Required work: Check every line of the data and copy the ones where "process" appears.

Exercise data:
━━━━━━━━━━
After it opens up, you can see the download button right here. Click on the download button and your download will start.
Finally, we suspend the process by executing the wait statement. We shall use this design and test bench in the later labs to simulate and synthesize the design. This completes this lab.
━━━━━━━━━━
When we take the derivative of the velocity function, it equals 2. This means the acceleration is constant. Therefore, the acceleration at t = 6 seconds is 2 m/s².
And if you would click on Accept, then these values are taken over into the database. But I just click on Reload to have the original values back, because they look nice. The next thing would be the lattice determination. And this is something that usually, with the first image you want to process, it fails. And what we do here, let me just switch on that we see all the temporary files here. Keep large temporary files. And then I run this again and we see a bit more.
━━━━━━━━━━
Solution for this exercise:
Finally, we suspend the process by executing the wait statement. We shall use this design and test bench in the later labs to simulate and synthesize the design. This completes this lab.
And if you would click on Accept, then these values are taken over into the database. But I just click on Reload to have the original values back, because they look nice. The next thing would be the lattice determination. And this is something that usually, with the first image you want to process, it fails. And what we do here, let me just switch on that we see all the temporary files here. Keep large temporary files. And then I run this again and we see a bit more.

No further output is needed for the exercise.